> The problem
Only the lines from the top of the records below through the line containing "bathroom featuring toilet and vanity" should be printed, exactly and without pictures.
### Supplied material ###
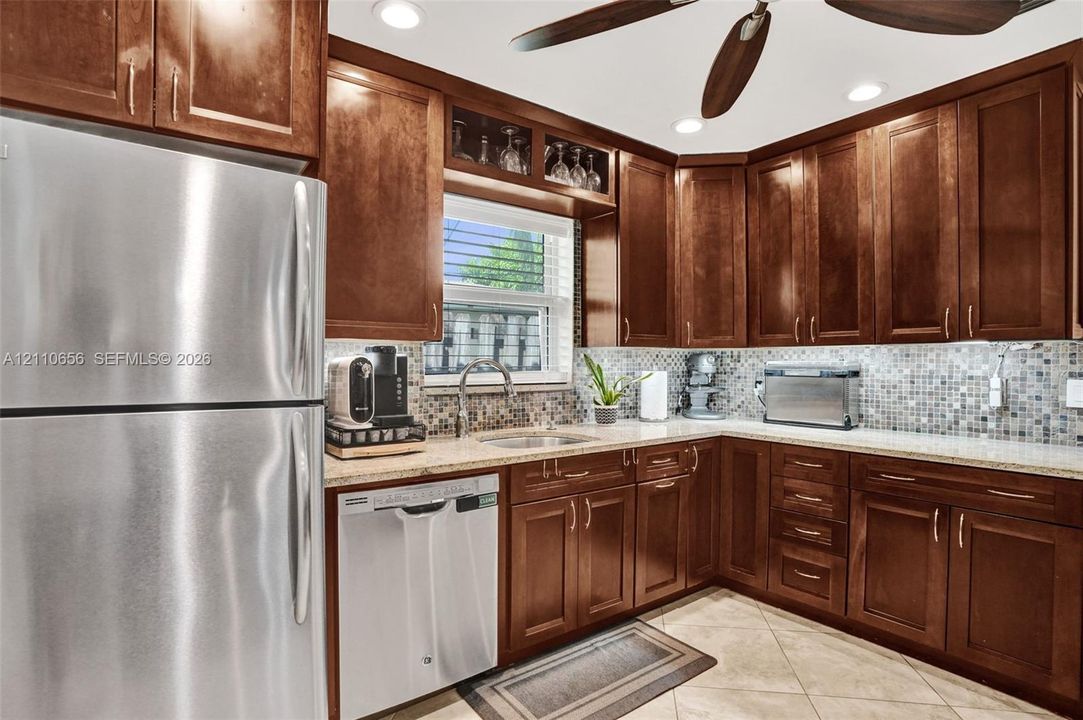 Kitchen featuring raised-panel wood cabinetry, glass-front upper cabinet detailing, stainless steel appliances, stone-look countertops, and a multi-tonal mosaic tile backsplash
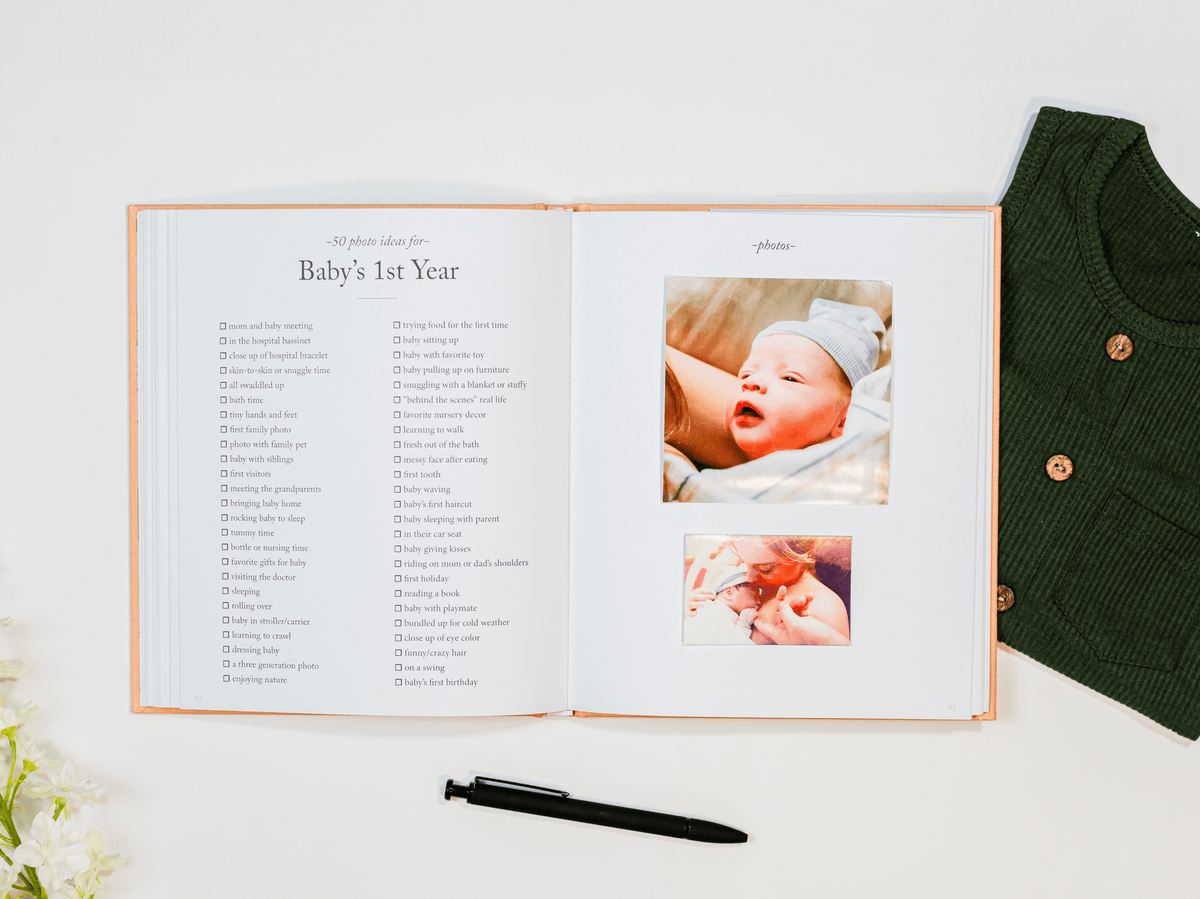Open photo album with baby milestone photos and text, next to a green knitted sweater.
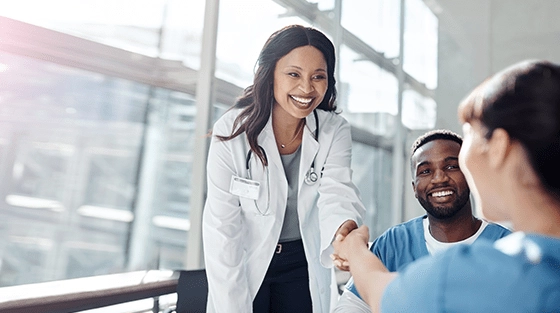 Young female doctor greeting a group of nurses.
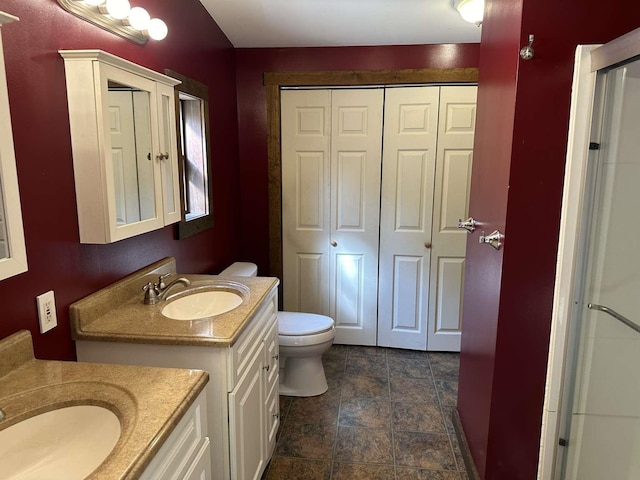 bathroom featuring toilet and vanity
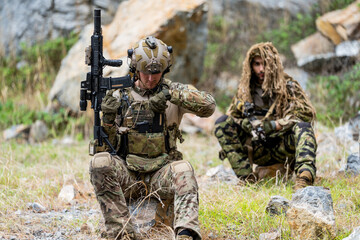 Fototapeta premium Soldiers engaged in tactical training in a mountainous forest area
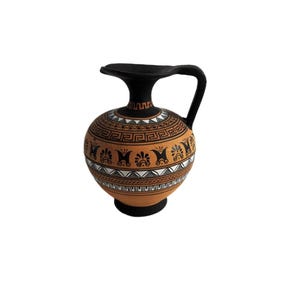 May include: A terracotta-colored ceramic pitcher featuring a black handle, base, and rim. The body is decorated with horizontal bands of black and white geometric patterns, including Greek key motifs and stylized floral elements around the center.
###
> Finished exercise
 Kitchen featuring raised-panel wood cabinetry, glass-front upper cabinet detailing, stainless steel appliances, stone-look countertops, and a multi-tonal mosaic tile backsplash
Open photo album with baby milestone photos and text, next to a green knitted sweater.
 Young female doctor greeting a group of nurses.
 bathroom featuring toilet and vanity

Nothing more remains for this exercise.